In the data that follows, find each line containing "with" and copy it.

Start of Entries provided

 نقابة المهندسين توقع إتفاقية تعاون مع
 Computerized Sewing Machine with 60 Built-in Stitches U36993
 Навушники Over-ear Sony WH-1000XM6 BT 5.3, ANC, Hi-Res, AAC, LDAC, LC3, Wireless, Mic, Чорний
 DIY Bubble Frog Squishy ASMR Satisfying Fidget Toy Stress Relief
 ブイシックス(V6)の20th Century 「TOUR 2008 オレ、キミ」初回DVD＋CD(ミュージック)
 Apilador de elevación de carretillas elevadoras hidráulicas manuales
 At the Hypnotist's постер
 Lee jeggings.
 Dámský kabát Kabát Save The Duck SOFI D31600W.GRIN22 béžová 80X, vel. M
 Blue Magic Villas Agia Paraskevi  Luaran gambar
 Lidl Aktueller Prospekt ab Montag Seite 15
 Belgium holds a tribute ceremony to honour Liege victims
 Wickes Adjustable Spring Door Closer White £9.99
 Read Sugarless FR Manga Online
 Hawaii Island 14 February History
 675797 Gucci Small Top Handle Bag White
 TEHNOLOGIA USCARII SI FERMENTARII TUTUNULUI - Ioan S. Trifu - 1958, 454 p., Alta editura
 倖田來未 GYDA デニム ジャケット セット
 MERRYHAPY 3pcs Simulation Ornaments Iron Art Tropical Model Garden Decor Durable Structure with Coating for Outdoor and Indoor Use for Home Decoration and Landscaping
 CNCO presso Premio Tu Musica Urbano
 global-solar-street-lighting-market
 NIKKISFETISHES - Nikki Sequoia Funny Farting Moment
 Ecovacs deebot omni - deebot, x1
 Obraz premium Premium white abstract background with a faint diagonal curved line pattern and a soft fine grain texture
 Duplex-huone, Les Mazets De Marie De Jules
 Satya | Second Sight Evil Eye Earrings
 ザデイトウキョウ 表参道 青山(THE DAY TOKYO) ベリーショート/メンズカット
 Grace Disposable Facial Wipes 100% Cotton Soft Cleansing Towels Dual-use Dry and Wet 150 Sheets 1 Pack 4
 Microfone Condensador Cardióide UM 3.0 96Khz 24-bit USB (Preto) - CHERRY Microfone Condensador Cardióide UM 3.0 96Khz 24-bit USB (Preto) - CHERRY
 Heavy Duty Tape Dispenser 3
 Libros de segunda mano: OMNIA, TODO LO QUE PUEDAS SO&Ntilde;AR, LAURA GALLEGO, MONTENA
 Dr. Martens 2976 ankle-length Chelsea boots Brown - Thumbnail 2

End of Entries provided

**Answer for this exercise:**
 Computerized Sewing Machine with 60 Built-in Stitches U36993
 MERRYHAPY 3pcs Simulation Ornaments Iron Art Tropical Model Garden Decor Durable Structure with Coating for Outdoor and Indoor Use for Home Decoration and Landscaping
 Obraz premium Premium white abstract background with a faint diagonal curved line pattern and a soft fine grain texture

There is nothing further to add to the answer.